_Try it_
Which lines run from the start of the material below through the line containing "SHEIN Olive Green"? Retype them exactly, pictures excluded.

_Recorded information_
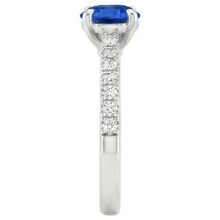 Round Sri Lanka Sapphire Ring Natural Earth Mined DIAMOND ( NOT LAB GROWN ) Jewellery White Gold 14K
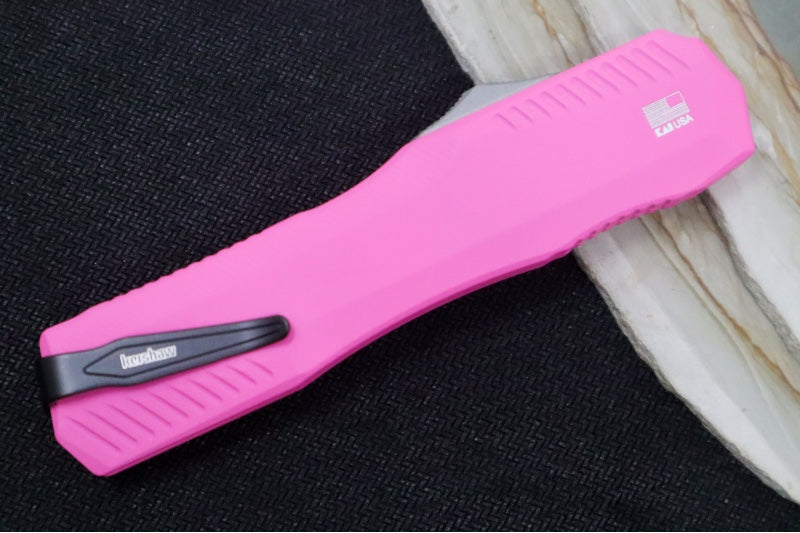 Kershaw 9000PINK Livewire OTF - Pink Aluminum Handle / CPM-Magnacut Steel / Spearpoint Blade / Stonewash Finish 9000PINK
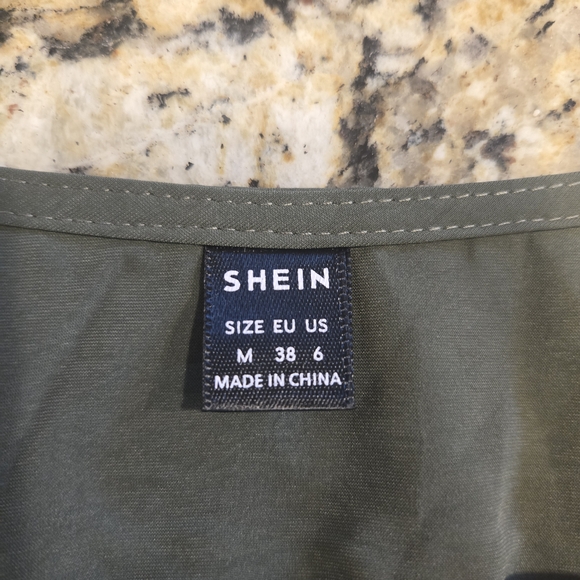 SHEIN Olive Green Midi Dress V Neck Womens Medium - Picture 5 of 6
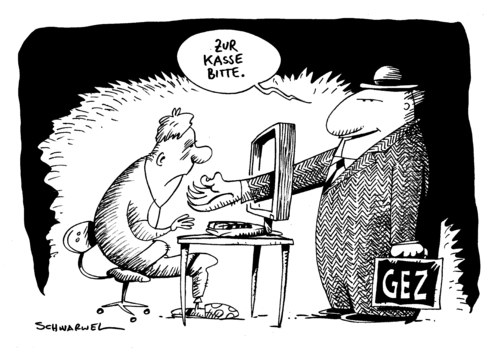 Cartoon: GEZ-Pflicht für Computer (medium) by Schwarwel tagged gez,pflicht,computer,pc,gebühren,ordnung,karikatur,schwarwel,richter,gericht,urteil,internet,rundfunkgebühr,sendung,live,livestream,finanzen,pflicht,computer,gez,pc,gebühren,ordnung,gericht,urteil,internet,rundfunkgebühr,sendung,richter,finanzen,livestream,live,justiz,online,service,fernsehen,geübhren,bezahlen,spesen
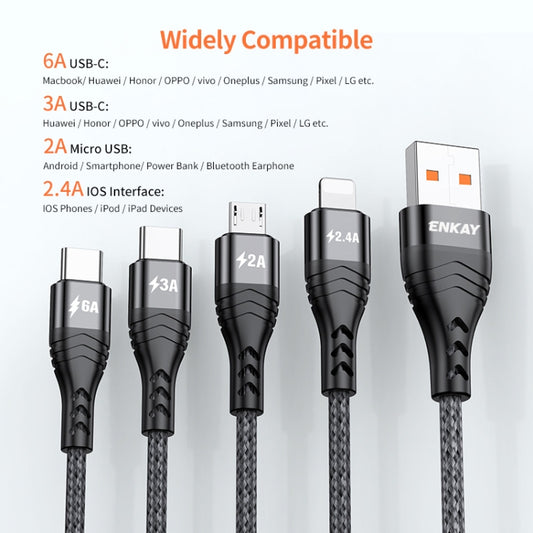 ENKAY 4-in-1 6A USB-A to Type-C / 8 Pin / Micro USB Multifunction Fast Charging Cable, Cable Length:1m(Black) by ENKAY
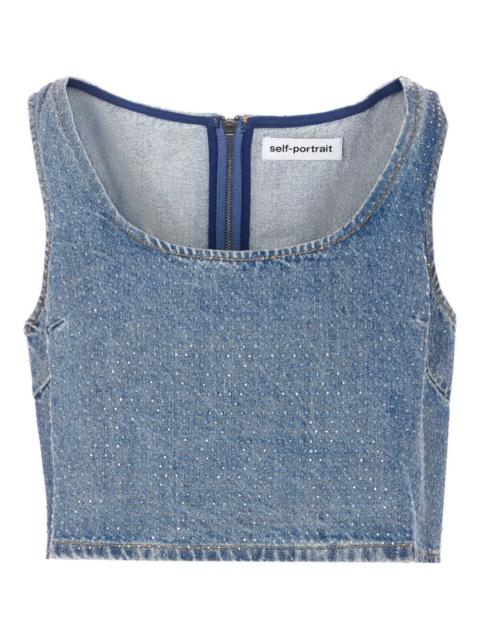 self-portrait scoop-neck denim crop top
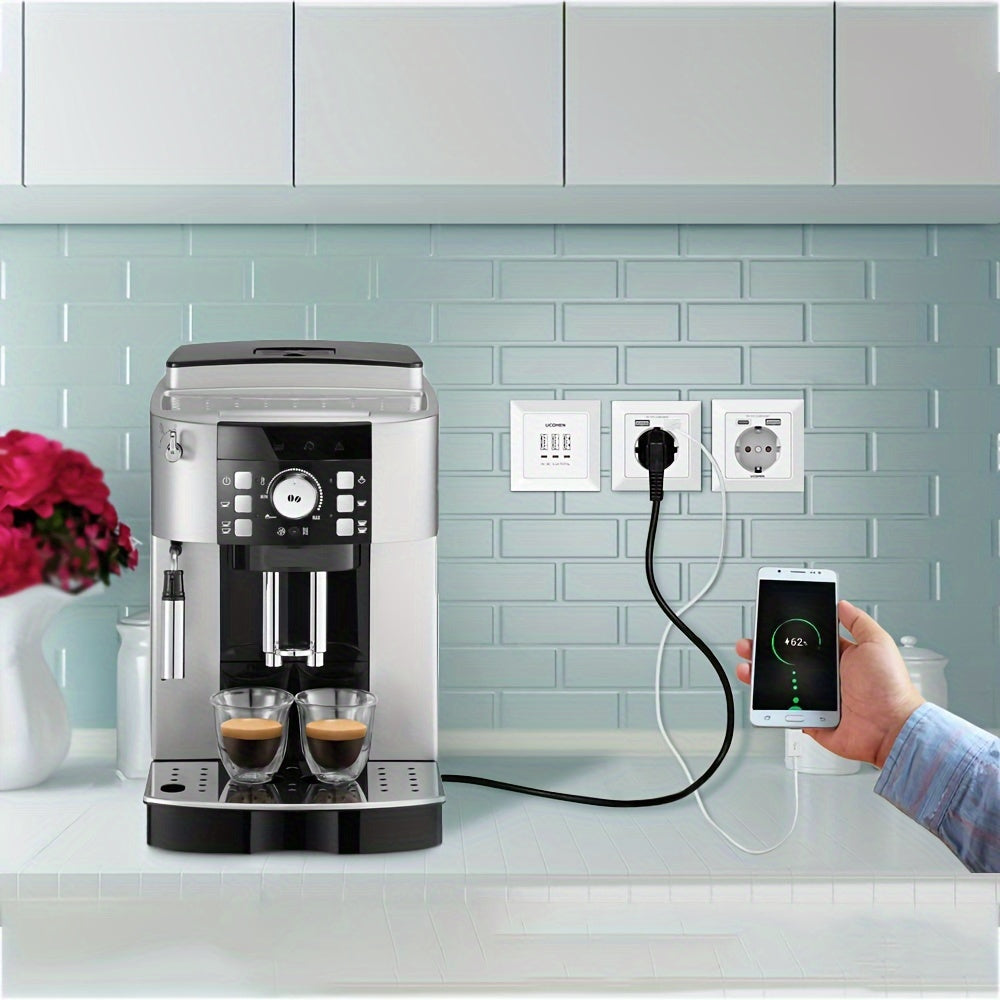 European Wall Socket with Two Charging USB A, 16A/3680W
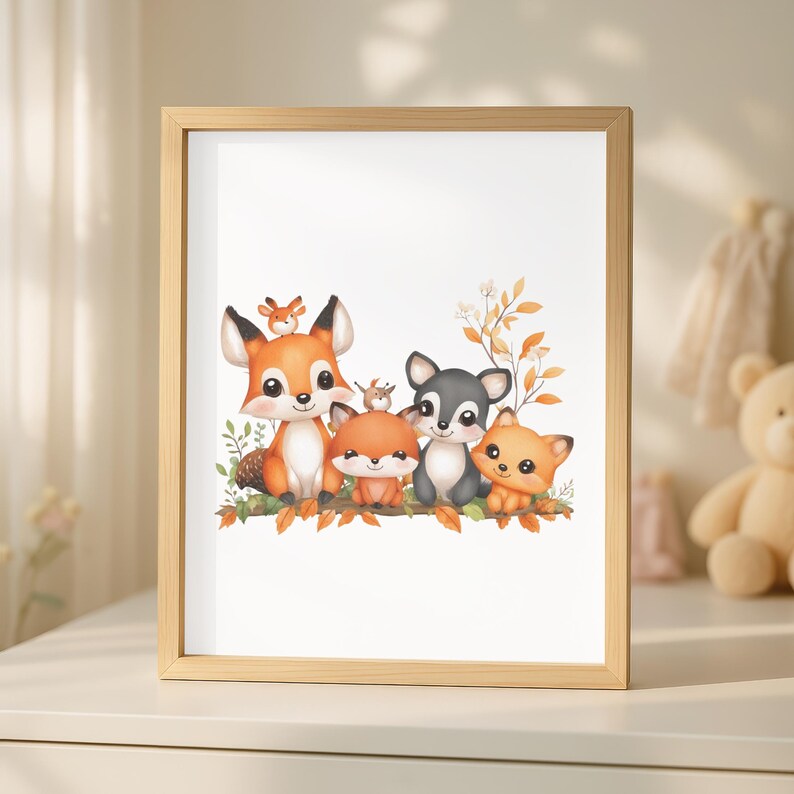 Op de afbeelding: Een ingelijste print met een aquarel illustratie van vijf bosdieren: vossen en een wasbeer. De dieren zijn afgebeeld in een schattige, cartoonachtige stijl, met oranje, bruine en grijze vacht. Het kunstwerk staat tegen een witte achtergrond.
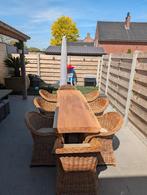 Boomstam tafel met 8stoelen en nieuwe kussens, Tuin en Terras, Ophalen of Verzenden, Zo goed als nieuw
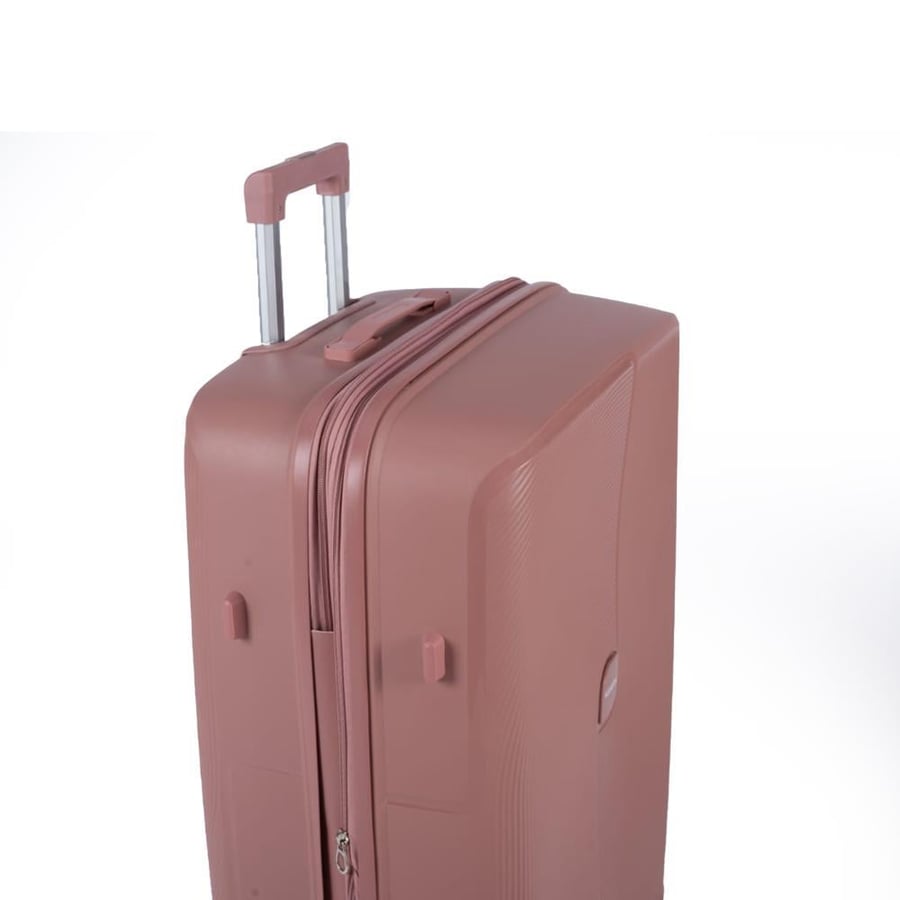 Silicone travel bag set, 3 pieces, made of strong polypropylene material, with an elegant geometric design, with an additional expansion zipper, Rose Gold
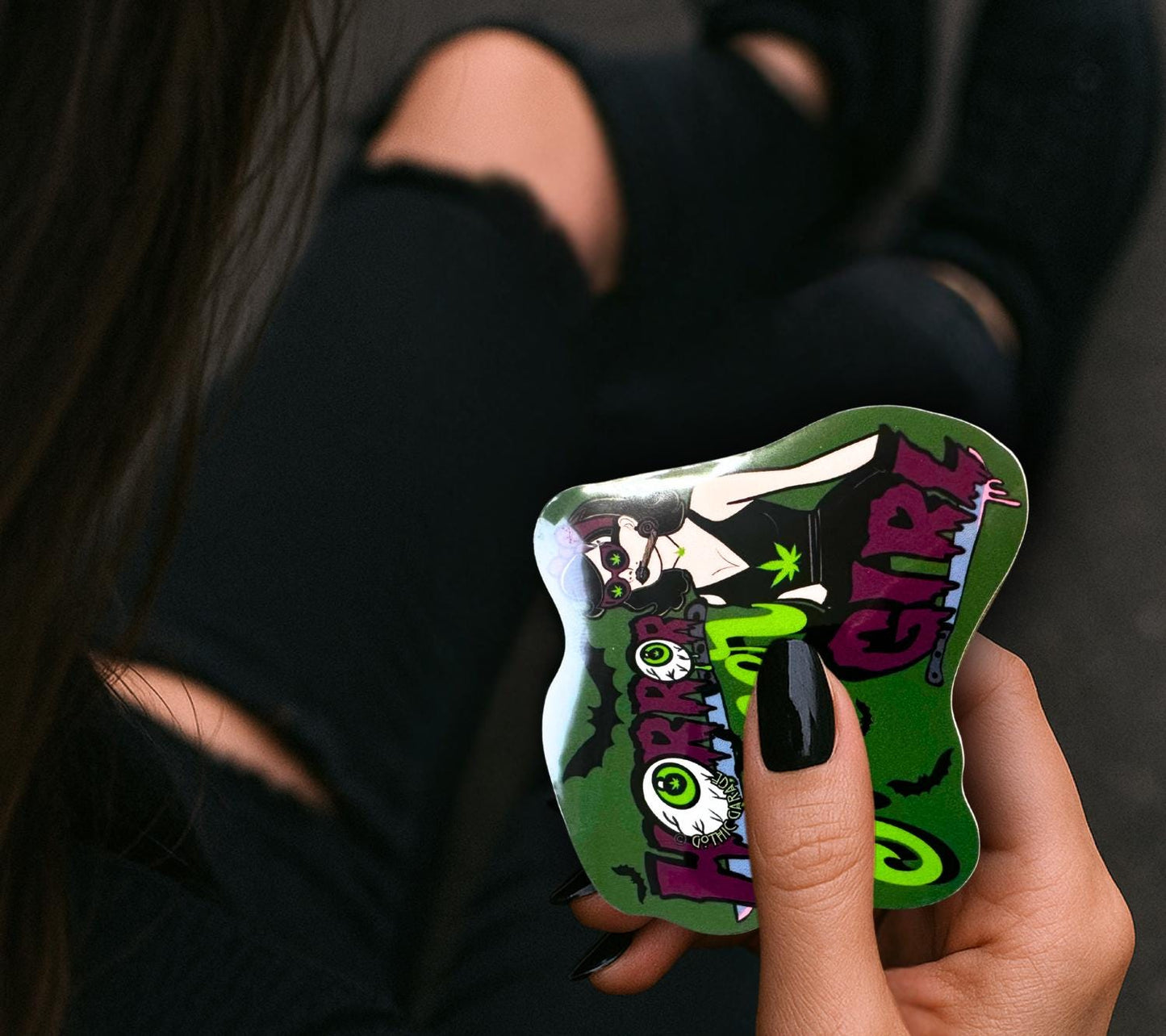 Horror Stoner Girl Waterproof Sticker – Vintage/Retro Gothic Design - Tampa Home & Garden Store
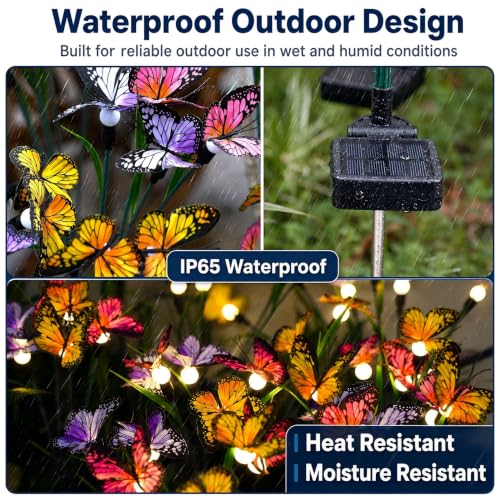 Solar Garden Lights 2 Pack, Upgraded Swaying Butterfly Light,Outdoor Light, Decorative Lights Yard Patio Pathway Decoration, Larger Solar Panel & Better Sway Effect (2 Pack) - size: 2 Pack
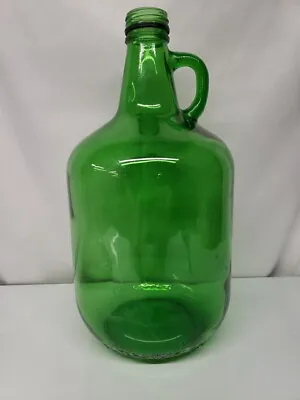 Vintage Embossed 3 Liter Emerald Green Glass  D  Handle Jug  Bottle No Cap EXC • $13.99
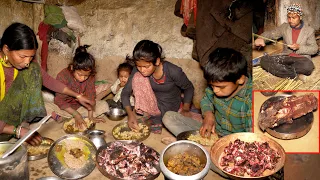 Goat Ribs curry recipe || dharme brother's family cooking dinner @rural  Nepal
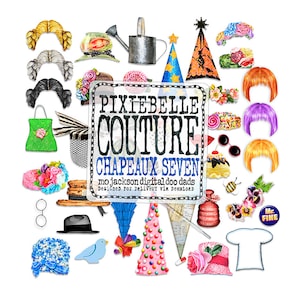 Könnte beinhalten: Ein Satz digitaler druckbarer Bilder mit skurrilen Hüten, Haarteilen und Accessoires. Die Bilder sind für die Verwendung im digitalen Scrapbooking, Kartenbasteln und anderen Bastelprojekten gedacht. Die Bilder umfassen eine Vielzahl von Stilen, darunter eine Kochmütze, eine Hexenmütze, einen Zylinder, eine Blumenkrone und eine Biene. Der Text auf dem Bild lautet "Pixiebelle Couture Chapeaux Seven mo jackson digital doo dads Designed for Delivery via Download".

_The completed task_
 Round Sri Lanka Sapphire Ring Natural Earth Mined DIAMOND ( NOT LAB GROWN ) Jewellery White Gold 14K
 Kershaw 9000PINK Livewire OTF - Pink Aluminum Handle / CPM-Magnacut Steel / Spearpoint Blade / Stonewash Finish 9000PINK
 SHEIN Olive Green Midi Dress V Neck Womens Medium - Picture 5 of 6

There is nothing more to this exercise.